Data:
###

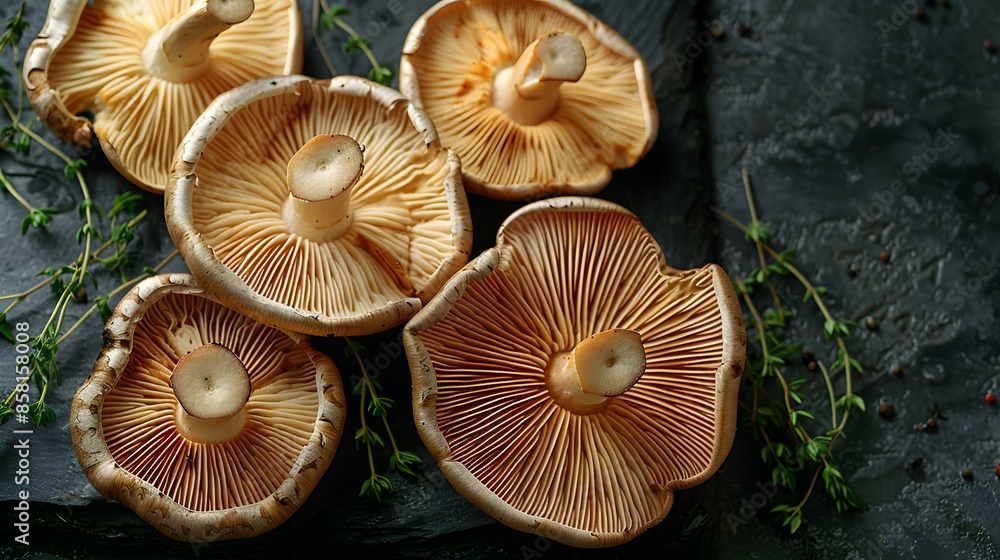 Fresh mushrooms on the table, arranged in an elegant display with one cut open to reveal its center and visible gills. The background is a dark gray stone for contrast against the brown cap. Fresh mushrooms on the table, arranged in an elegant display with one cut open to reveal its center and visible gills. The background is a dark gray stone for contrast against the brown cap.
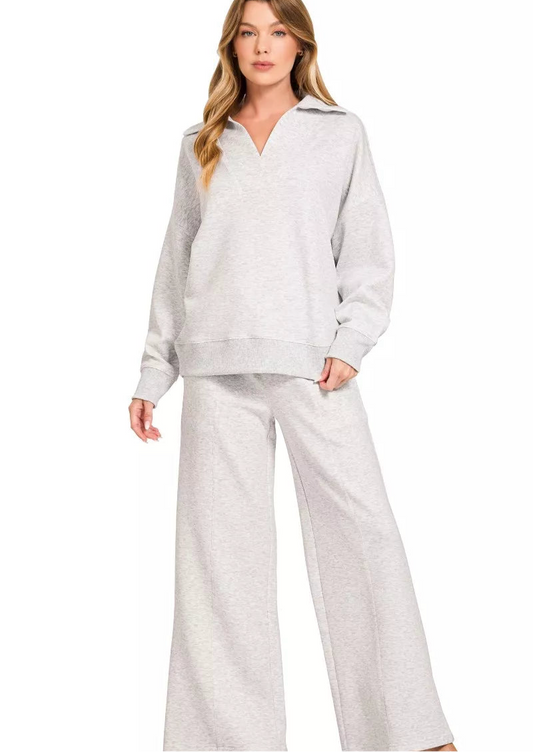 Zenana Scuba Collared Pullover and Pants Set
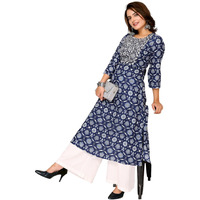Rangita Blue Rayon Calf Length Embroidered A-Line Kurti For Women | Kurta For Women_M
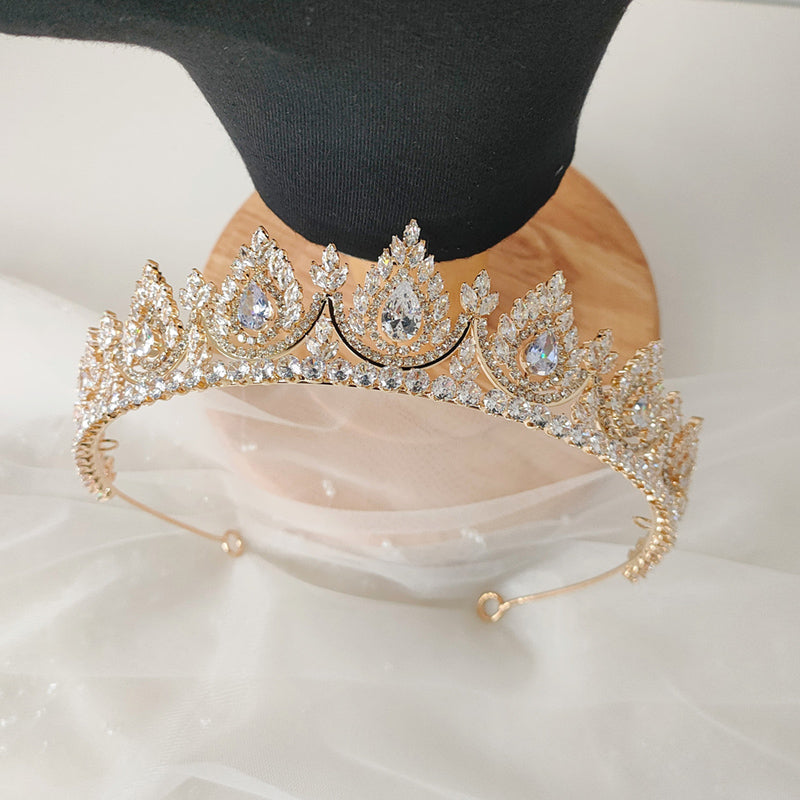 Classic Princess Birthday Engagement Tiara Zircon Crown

###

Task details: When the listing is transcribed, every line must match the original exactly, and the pictures must be left out.

Task result:
 Fresh mushrooms on the table, arranged in an elegant display with one cut open to reveal its center and visible gills. The background is a dark gray stone for contrast against the brown cap. Fresh mushrooms on the table, arranged in an elegant display with one cut open to reveal its center and visible gills. The background is a dark gray stone for contrast against the brown cap.
 Zenana Scuba Collared Pullover and Pants Set
Rangita Blue Rayon Calf Length Embroidered A-Line Kurti For Women | Kurta For Women_M
 Classic Princess Birthday Engagement Tiara Zircon Crown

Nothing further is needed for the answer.